30Une dernière question cruciale concerne le rôle des « messagers de confiance ». Avec ce concept, Lewandowsky et Cook font référence, de façon secondaire, à l’argumentation par l’exemple et l’argumentation par le témoignage. Plus précisément, ils évoquent l’efficacité des contre-messages créés par d’anciens membres d’une communauté extrémiste, appelés les « repentis » (exiters) (Lewandowsky et Cook 2020 : 10).

31Bien que les infographies n’utilisent pas directement ce type d’argumentation, l’infographie 7 s’y réfère avec les conseils suivants : lorsque vous parlez à quelqu’un qui croit fermement en une théorie du complot, vous pouvez l’encourager à poser des questions et favoriser un débat ouvert, faire des demandes détaillées sur sa théorie pour susciter l’autoréflexion, être prudent et utiliser une variété de sources sur le thème, etc. Il est également suggéré de solliciter « d’anciens conspirationnistes dignes de confiance, qui ont cru à ces mêmes théories avant de s’en détourner » (nous soulignons). Lorsqu’un contre-argument à une théorie du complot provient d’un ancien membre de la communauté, il a plus de chances d’être accepté parce qu’il semble cohérent avec les valeurs du groupe. Ces personnes ont une expérience et une compréhension de première main de l’état d’esprit et des motivations des membres actuels, ce qui peut contribuer à l’élaboration de stratégies de contre-message efficaces. Bien qu’un exiter ne fasse plus techniquement partie du groupe, son expérience personnelle antérieure au sein du groupe lui confère une position unique pour fournir des informations et des perspectives qui peuvent apparaitre plus persuasives aux yeux de l’auditoire concerné que des messages provenant de sources institutionnelles ou d’experts scientifiques.

4. L’éthos dans les campagnes institutionnelles : trois éléments supplémentaires

32Dans cette section, nous proposons trois recommandations clés supplémentaires pour aider les institutions à concevoir des campagnes éducatives visant à contrer les théories du complot.

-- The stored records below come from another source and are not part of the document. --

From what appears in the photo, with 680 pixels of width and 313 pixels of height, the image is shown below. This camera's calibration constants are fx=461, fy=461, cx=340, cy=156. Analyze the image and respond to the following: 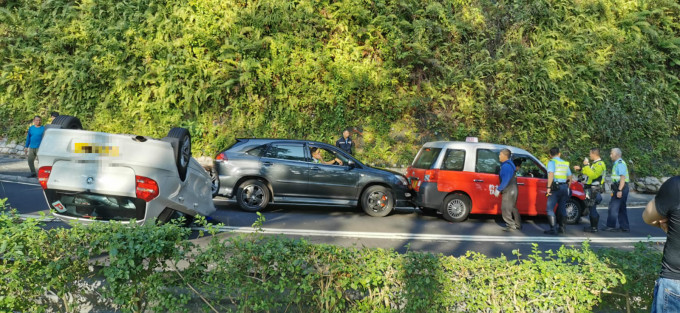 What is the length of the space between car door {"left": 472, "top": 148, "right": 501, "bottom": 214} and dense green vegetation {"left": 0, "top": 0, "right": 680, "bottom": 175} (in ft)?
21.7

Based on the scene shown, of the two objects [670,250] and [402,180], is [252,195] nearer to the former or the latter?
[402,180]

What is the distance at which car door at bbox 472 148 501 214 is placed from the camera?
1025 centimetres

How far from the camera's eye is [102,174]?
20.4 feet

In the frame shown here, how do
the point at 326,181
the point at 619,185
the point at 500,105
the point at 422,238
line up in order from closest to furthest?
the point at 422,238 → the point at 619,185 → the point at 326,181 → the point at 500,105

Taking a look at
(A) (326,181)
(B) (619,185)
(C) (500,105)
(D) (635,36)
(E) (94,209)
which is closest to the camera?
(E) (94,209)

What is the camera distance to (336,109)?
1708 cm

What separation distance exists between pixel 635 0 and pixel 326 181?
16.5 metres

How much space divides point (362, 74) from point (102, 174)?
11753 mm

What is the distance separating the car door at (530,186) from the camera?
1041cm

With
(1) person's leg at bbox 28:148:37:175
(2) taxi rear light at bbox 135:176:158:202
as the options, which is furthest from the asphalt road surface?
(1) person's leg at bbox 28:148:37:175

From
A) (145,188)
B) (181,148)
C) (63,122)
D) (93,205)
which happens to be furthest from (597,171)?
(63,122)

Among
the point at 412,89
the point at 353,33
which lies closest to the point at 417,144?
Answer: the point at 412,89

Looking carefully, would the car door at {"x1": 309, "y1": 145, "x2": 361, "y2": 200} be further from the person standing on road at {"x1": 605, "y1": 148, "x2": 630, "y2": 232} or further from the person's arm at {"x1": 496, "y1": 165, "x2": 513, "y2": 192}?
the person standing on road at {"x1": 605, "y1": 148, "x2": 630, "y2": 232}

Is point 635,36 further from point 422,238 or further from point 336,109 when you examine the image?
point 422,238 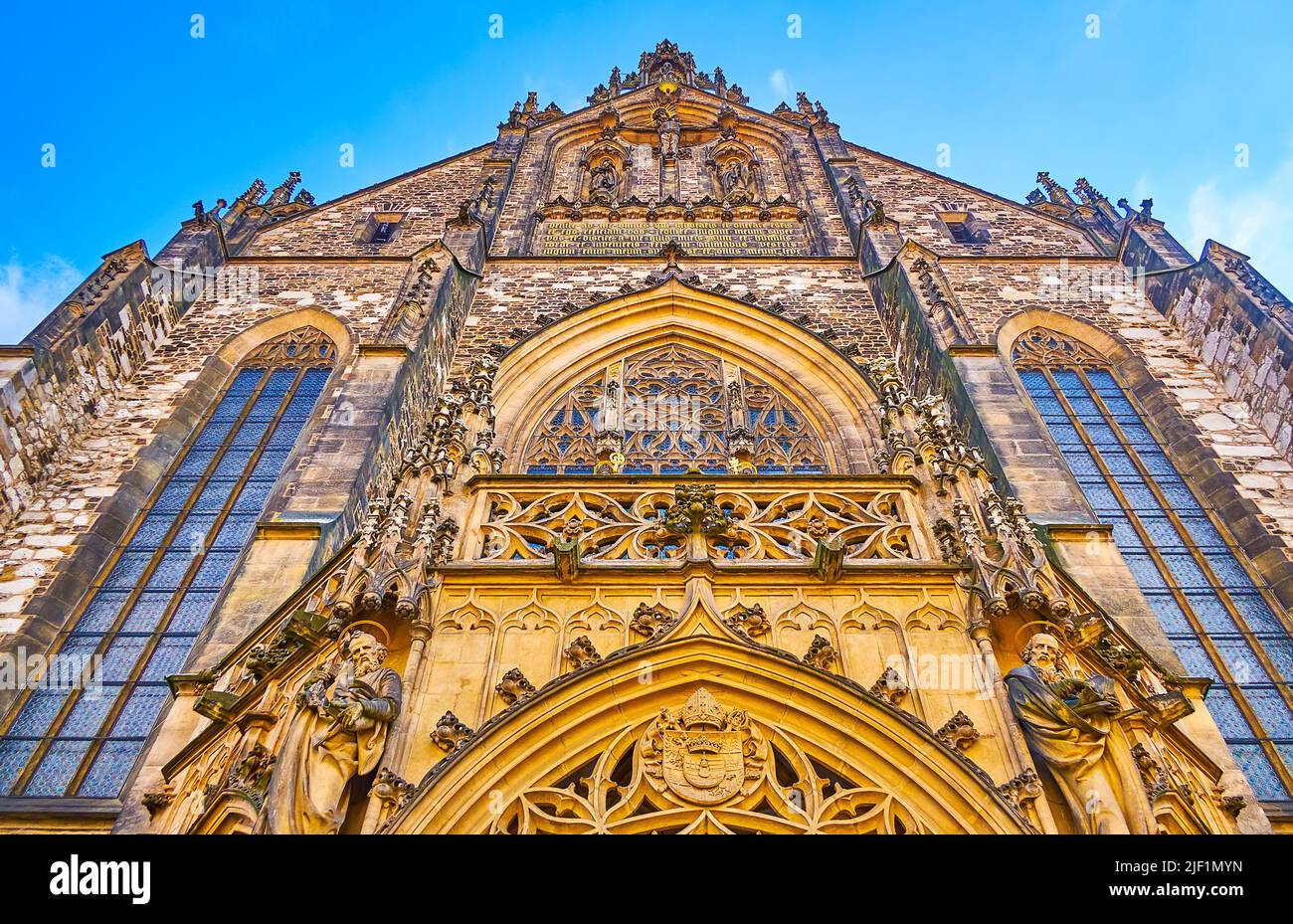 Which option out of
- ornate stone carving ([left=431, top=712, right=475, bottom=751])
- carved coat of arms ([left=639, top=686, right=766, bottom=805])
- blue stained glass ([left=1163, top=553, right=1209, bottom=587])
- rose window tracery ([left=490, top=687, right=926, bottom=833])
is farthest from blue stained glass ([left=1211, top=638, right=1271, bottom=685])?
ornate stone carving ([left=431, top=712, right=475, bottom=751])

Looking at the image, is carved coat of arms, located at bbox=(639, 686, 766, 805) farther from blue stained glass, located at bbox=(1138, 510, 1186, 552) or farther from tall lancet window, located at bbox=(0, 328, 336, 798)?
blue stained glass, located at bbox=(1138, 510, 1186, 552)

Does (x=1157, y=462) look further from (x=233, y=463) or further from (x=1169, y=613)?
(x=233, y=463)

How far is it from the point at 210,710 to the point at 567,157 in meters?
15.2

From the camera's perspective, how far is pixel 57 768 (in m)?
7.23

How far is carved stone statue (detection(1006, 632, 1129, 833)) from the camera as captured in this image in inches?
191

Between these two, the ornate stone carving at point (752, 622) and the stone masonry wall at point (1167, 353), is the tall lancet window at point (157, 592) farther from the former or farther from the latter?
the stone masonry wall at point (1167, 353)

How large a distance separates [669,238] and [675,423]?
4.91m

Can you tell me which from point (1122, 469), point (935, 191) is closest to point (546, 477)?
point (1122, 469)

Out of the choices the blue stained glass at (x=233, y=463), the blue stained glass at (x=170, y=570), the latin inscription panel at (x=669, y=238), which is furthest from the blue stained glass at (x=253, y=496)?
the latin inscription panel at (x=669, y=238)

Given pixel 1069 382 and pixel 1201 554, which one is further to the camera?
pixel 1069 382

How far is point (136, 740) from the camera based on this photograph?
Answer: 7.42m

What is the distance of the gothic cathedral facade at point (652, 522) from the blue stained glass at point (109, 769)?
0.03 m

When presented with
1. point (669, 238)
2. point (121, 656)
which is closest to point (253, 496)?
point (121, 656)

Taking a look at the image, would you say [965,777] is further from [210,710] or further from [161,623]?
[161,623]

33Premièrement, nous attirons l’attention sur un phénomène omniprésent que nous appelons « l’hubris épistémique » : la tendance à considérer les citoyens comme mal informés, analphabètes ou de mauvaise foi tout en se plaçant sur un piédestal. Une occurrence similaire de cette notion est reprise dans un article qui traite de la question d’une épistémologie du vice et de l’importance de la prendre en considération lorsque l’on étudie des thèmes sociétaux. L’article de Baird et Calvard comprend l’analyse d’un ensemble de quatre vices épistémiques majeurs qui imprègnent actuellement de nombreuses organisations sociétales : la malveillance, l’insouciance, l’injustice et l’hubris.  Selon Baird et Calvard « Epistemic hubris is an inflated sense of epistemic privilege and pride » (2018 : 270). Étroitement liée au pouvoir, à l’arrogance et à l’excès de confiance, elle se manifeste, selon les auteurs, de deux manières. La première est la conviction que certains d’entre nous bénéficient d’une autorité, voire d’une supériorité épistémique face à d’autres qui en manque. Cette conviction implique une inférence faussée depuis le départ quant à l’état de connaissances et d’expertise de l’un face à l’autre.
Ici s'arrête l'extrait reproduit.